#### PROVIDED RECORDS ####

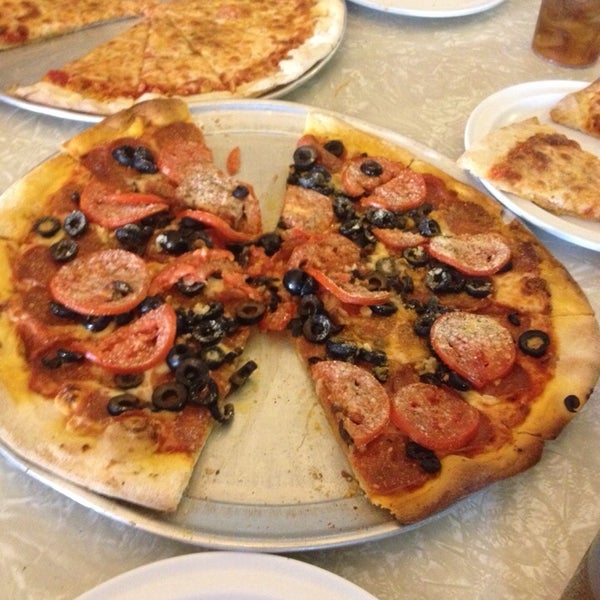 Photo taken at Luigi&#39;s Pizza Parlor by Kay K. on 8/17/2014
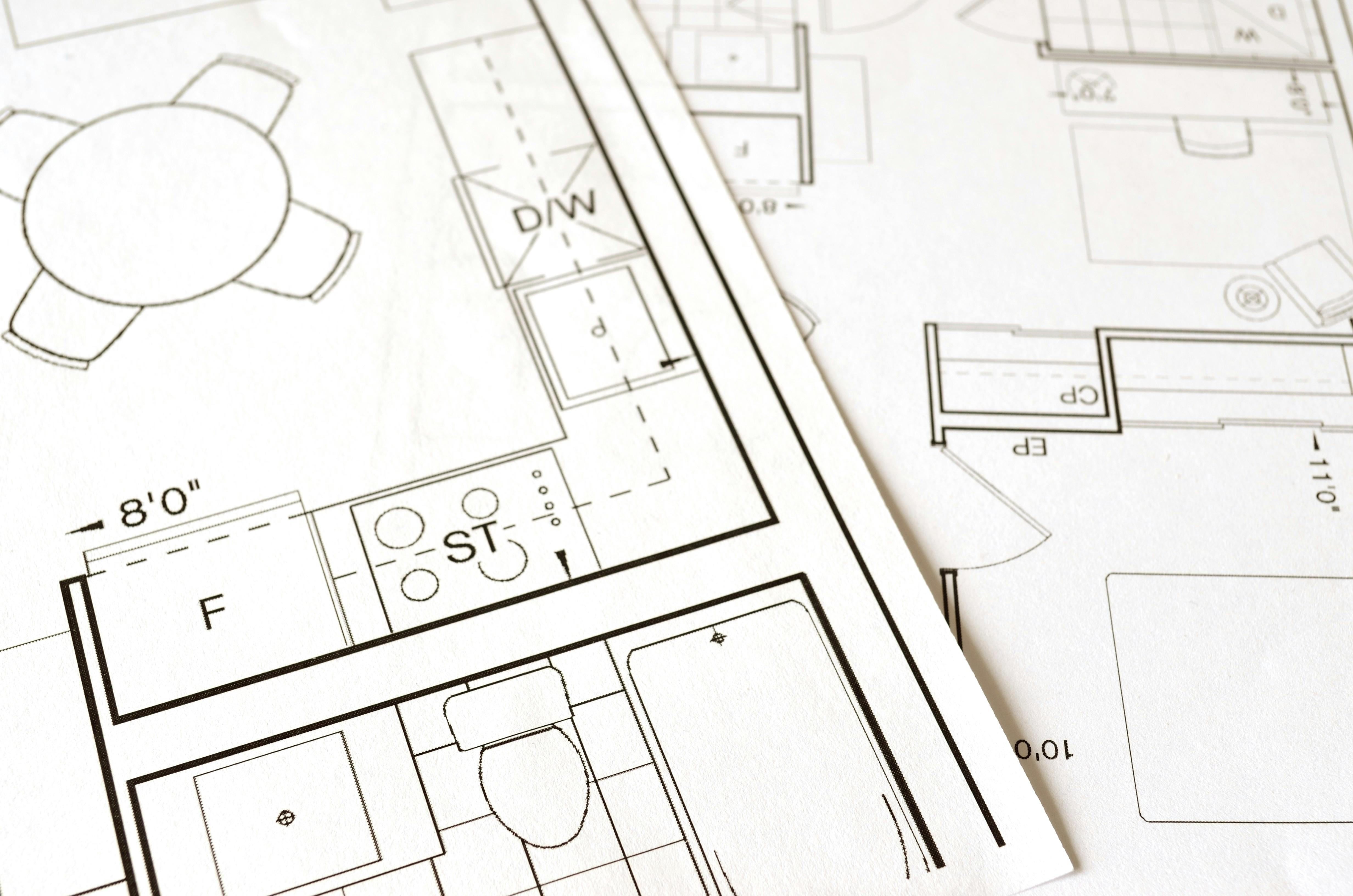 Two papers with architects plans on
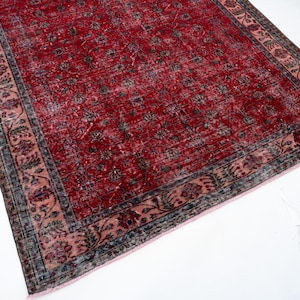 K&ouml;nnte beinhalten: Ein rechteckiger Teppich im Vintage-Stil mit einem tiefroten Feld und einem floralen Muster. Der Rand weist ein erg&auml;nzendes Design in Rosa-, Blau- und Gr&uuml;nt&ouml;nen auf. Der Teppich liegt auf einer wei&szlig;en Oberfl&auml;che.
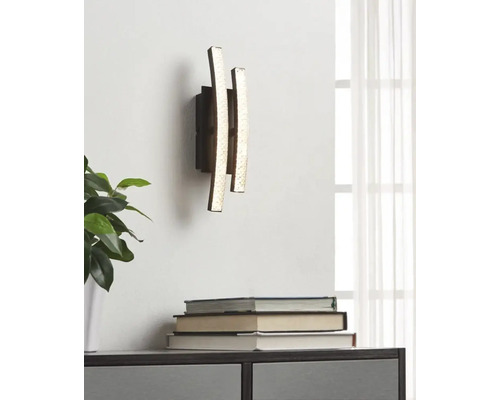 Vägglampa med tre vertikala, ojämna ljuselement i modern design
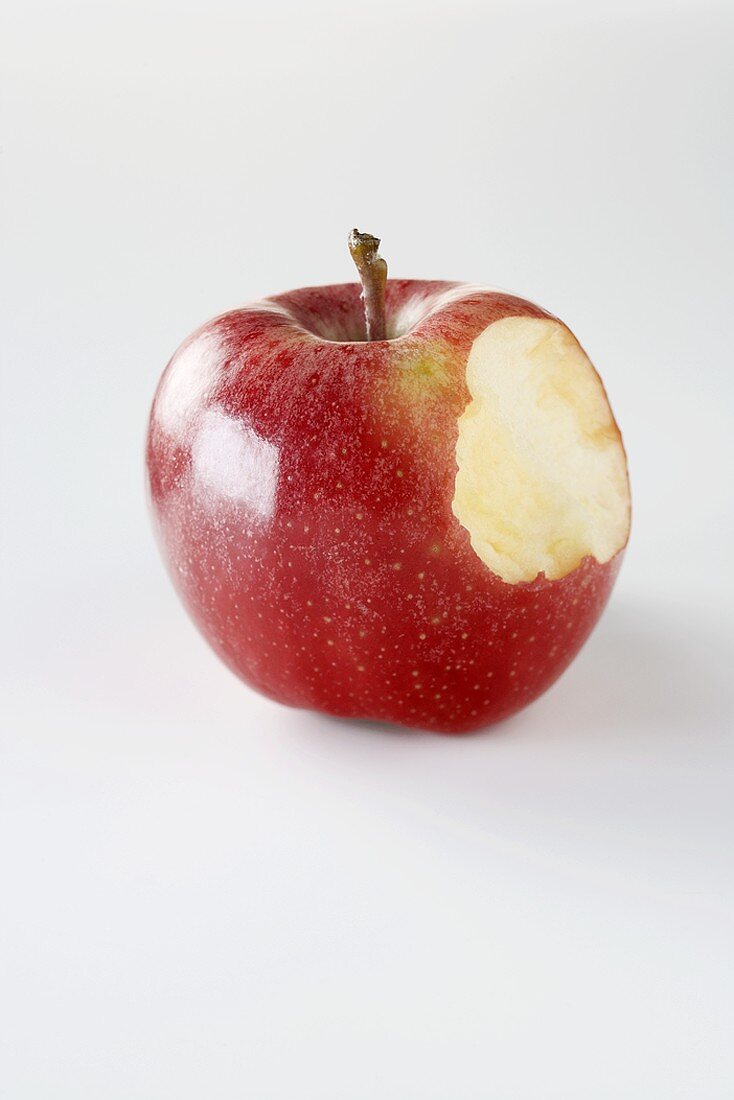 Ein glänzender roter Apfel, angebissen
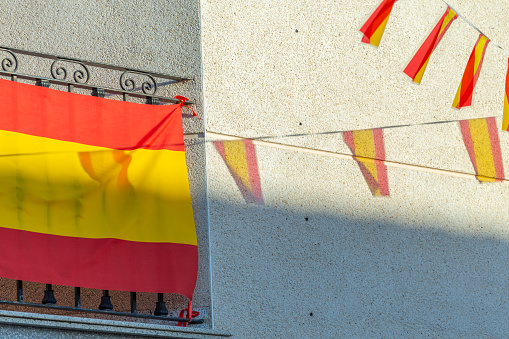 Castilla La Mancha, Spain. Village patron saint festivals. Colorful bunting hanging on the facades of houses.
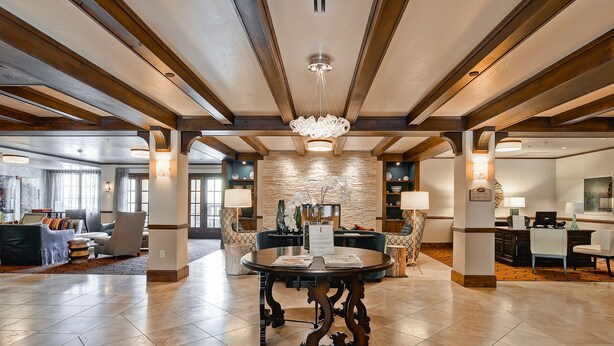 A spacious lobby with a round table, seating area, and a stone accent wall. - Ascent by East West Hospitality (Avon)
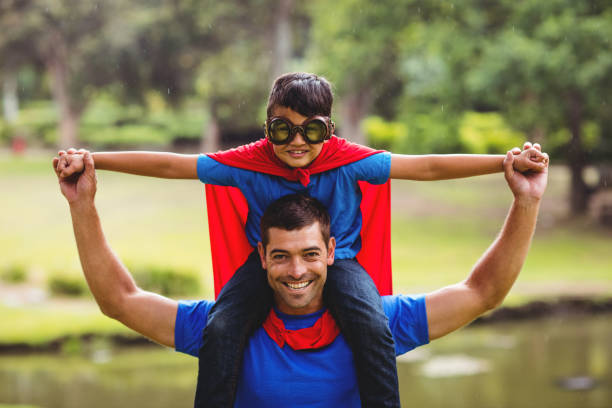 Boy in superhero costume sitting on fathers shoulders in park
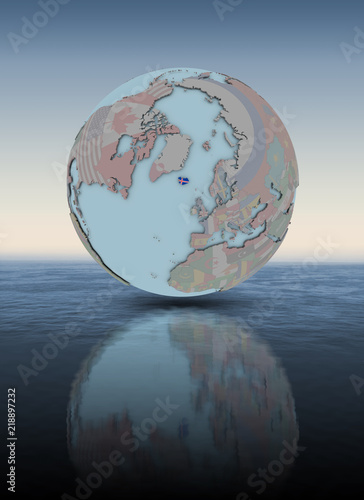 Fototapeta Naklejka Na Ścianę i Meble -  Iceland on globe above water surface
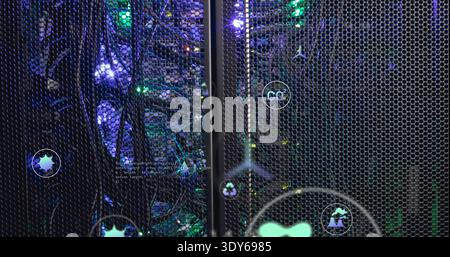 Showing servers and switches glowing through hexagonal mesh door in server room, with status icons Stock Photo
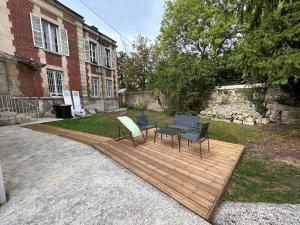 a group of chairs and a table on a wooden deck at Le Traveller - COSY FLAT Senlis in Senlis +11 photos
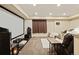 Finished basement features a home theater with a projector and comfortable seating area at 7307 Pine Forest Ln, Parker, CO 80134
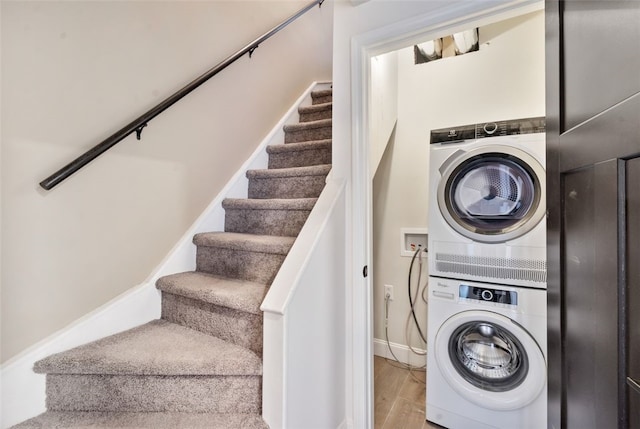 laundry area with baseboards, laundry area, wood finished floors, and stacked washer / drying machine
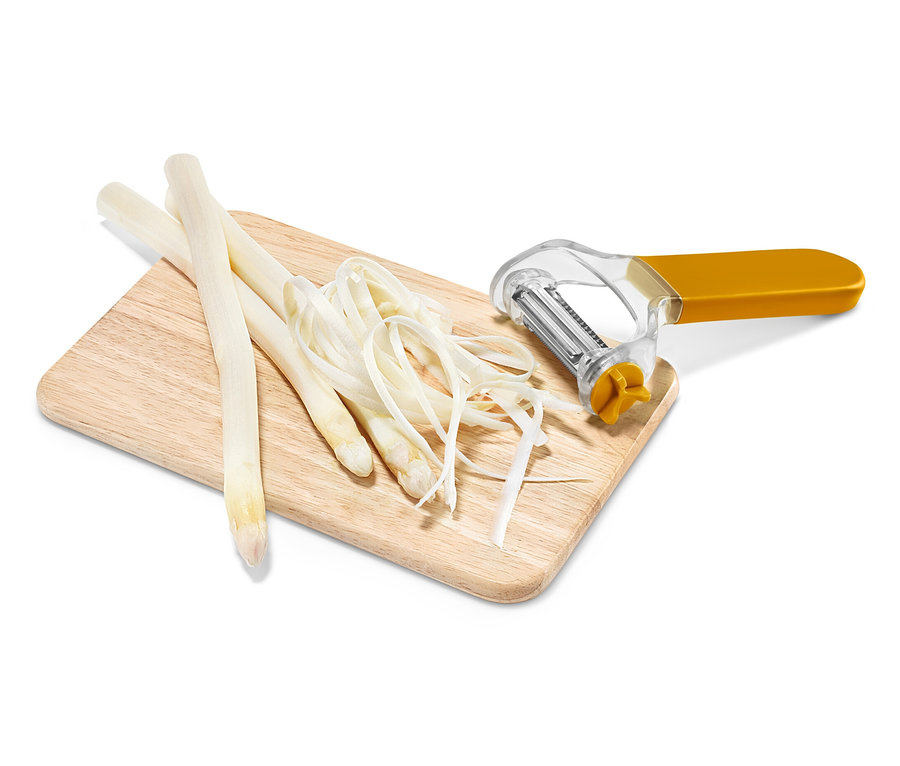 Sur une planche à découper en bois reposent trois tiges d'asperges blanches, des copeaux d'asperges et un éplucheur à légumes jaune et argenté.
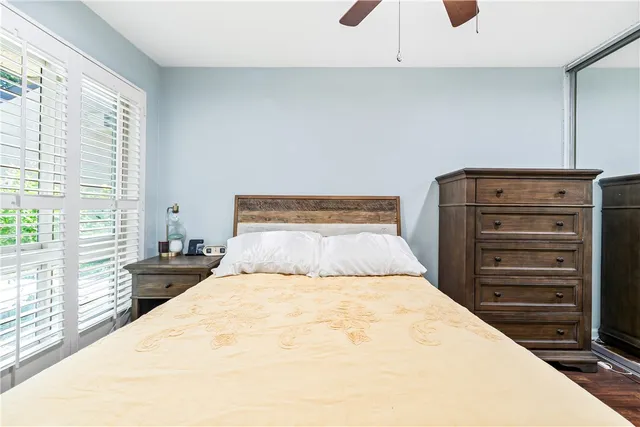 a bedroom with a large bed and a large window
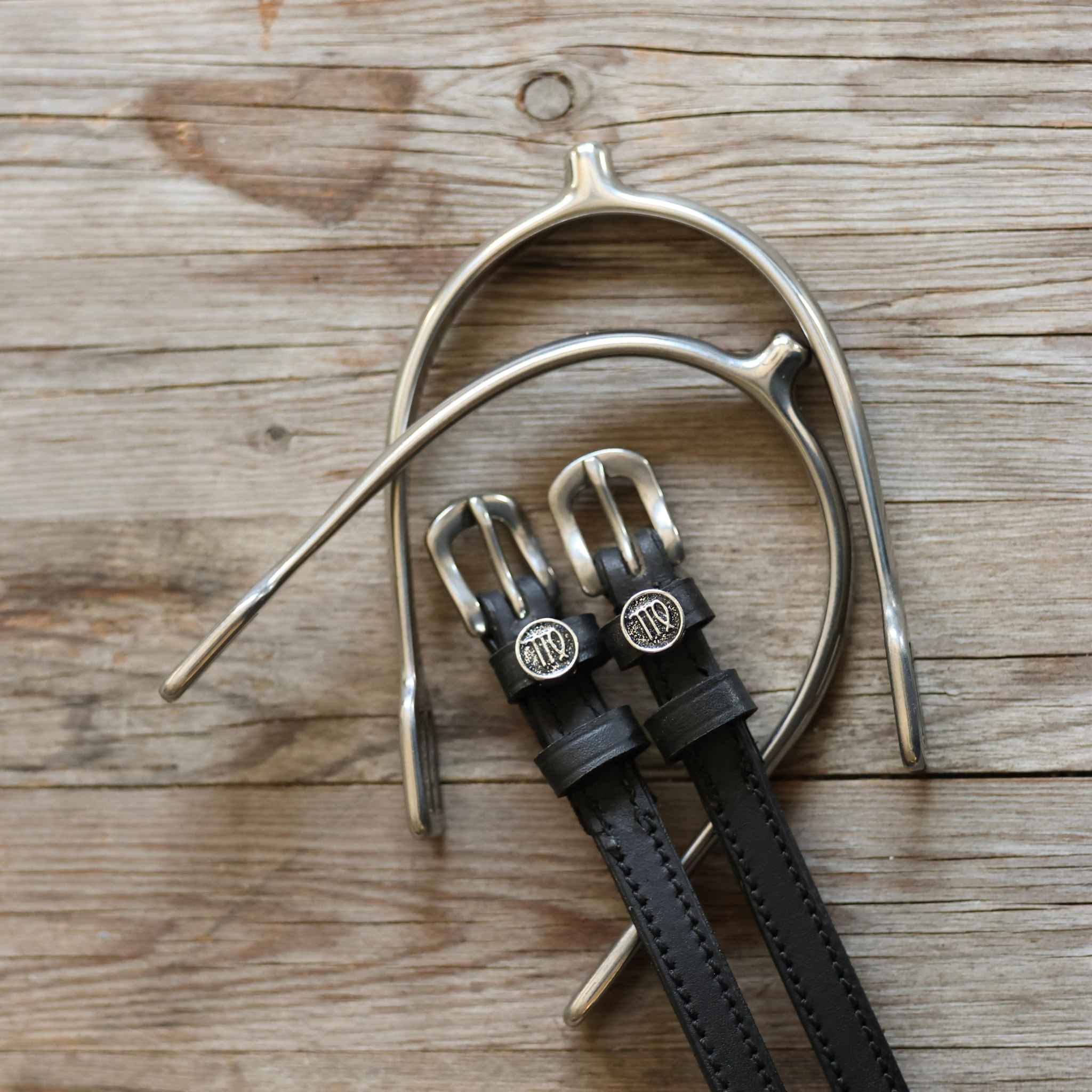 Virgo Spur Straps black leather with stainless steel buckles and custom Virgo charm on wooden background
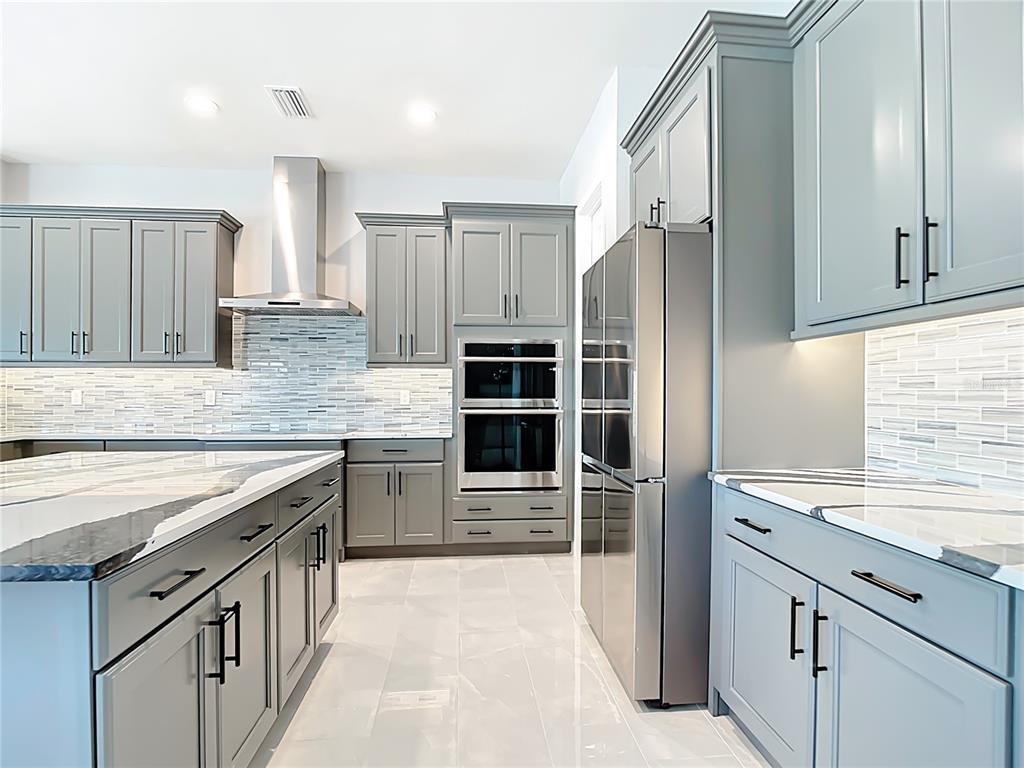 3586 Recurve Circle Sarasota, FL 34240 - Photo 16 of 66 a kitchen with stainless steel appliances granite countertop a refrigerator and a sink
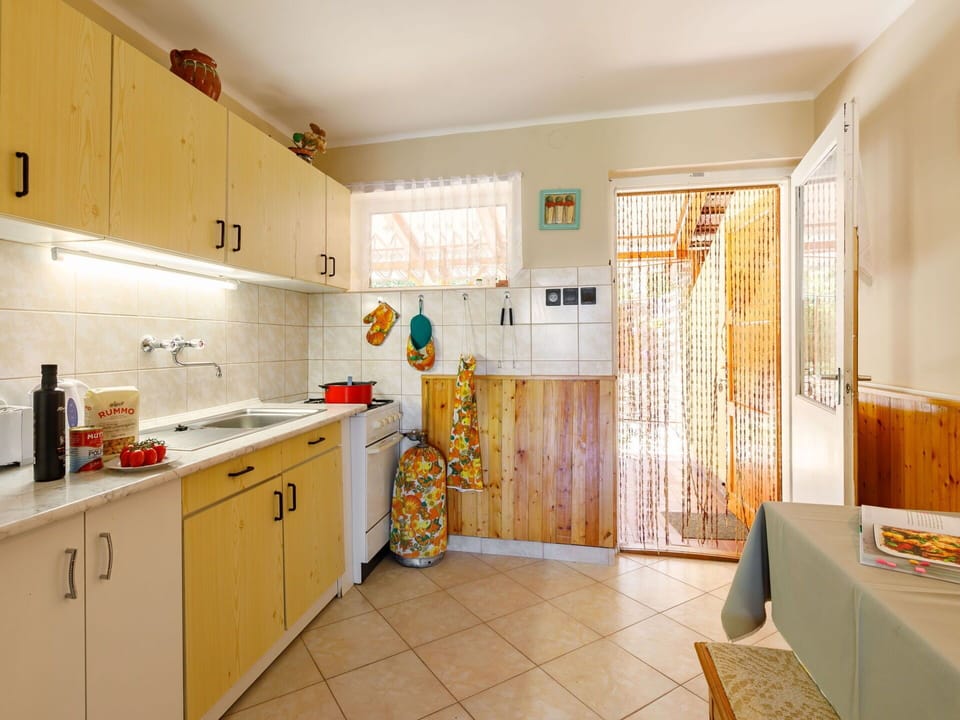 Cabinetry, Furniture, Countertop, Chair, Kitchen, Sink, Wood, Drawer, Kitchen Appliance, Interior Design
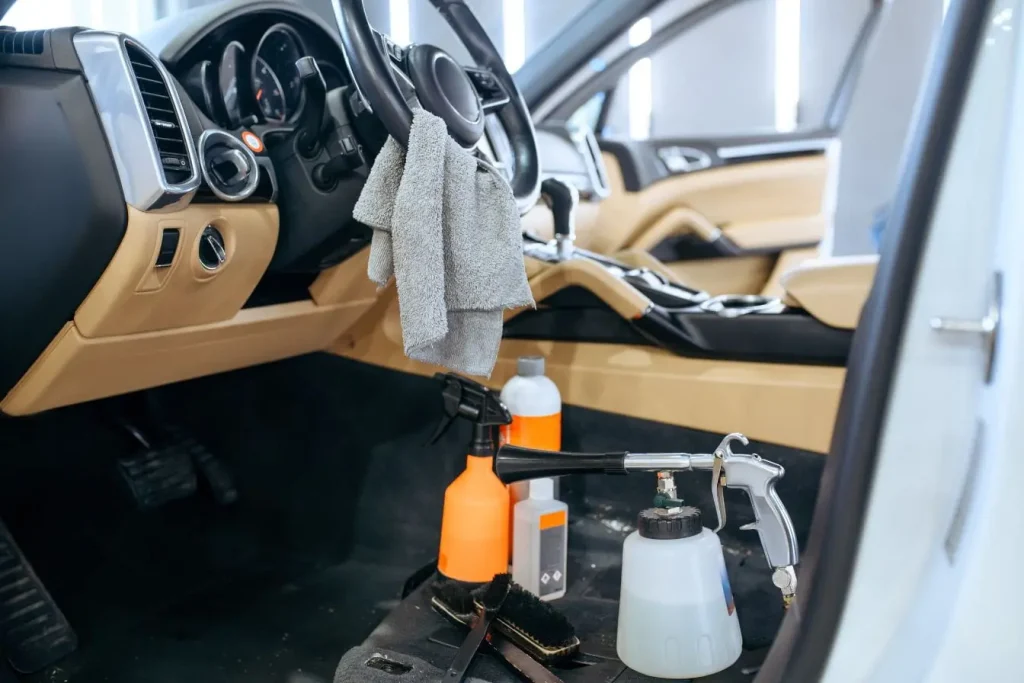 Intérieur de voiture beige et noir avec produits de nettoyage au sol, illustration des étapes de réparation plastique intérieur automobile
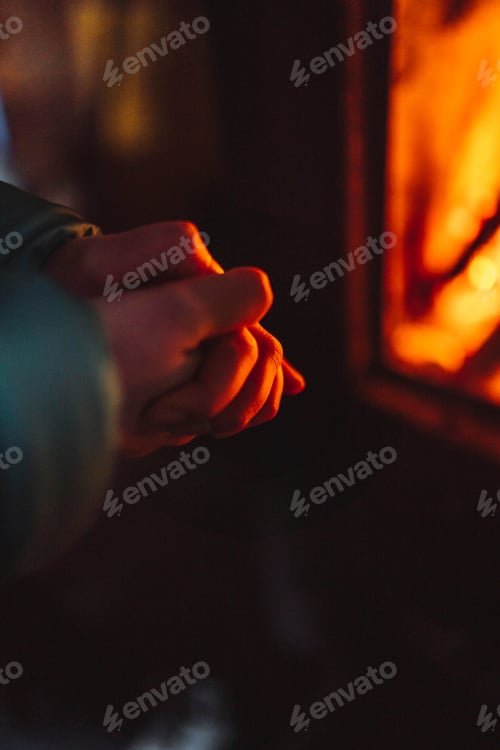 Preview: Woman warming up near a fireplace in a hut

####

WORK TASK >> Verbatim transcription needed, from the opening line of the entries above through the line containing "laundry area with"; pictures do not belong in it.

ANSWER TO THIS EXERCISE >>
 Photo taken at Luigi&#39;s Pizza Parlor by Kay K. on 8/17/2014
 Two papers with architects plans on
 K&ouml;nnte beinhalten: Ein rechteckiger Teppich im Vintage-Stil mit einem tiefroten Feld und einem floralen Muster. Der Rand weist ein erg&auml;nzendes Design in Rosa-, Blau- und Gr&uuml;nt&ouml;nen auf. Der Teppich liegt auf einer wei&szlig;en Oberfl&auml;che.
 Vägglampa med tre vertikala, ojämna ljuselement i modern design
 Ein glänzender roter Apfel, angebissen
 Castilla La Mancha, Spain. Village patron saint festivals. Colorful bunting hanging on the facades of houses.
 A spacious lobby with a round table, seating area, and a stone accent wall. - Ascent by East West Hospitality (Avon)
 Boy in superhero costume sitting on fathers shoulders in park
 Fototapeta Naklejka Na Ścianę i Meble -  Iceland on globe above water surface
 Showing servers and switches glowing through hexagonal mesh door in server room, with status icons Stock Photo
 a group of chairs and a table on a wooden deck at Le Traveller - COSY FLAT Senlis in Senlis +11 photos
 Finished basement features a home theater with a projector and comfortable seating area at 7307 Pine Forest Ln, Parker, CO 80134
 laundry area with baseboards, laundry area, wood finished floors, and stacked washer / drying machine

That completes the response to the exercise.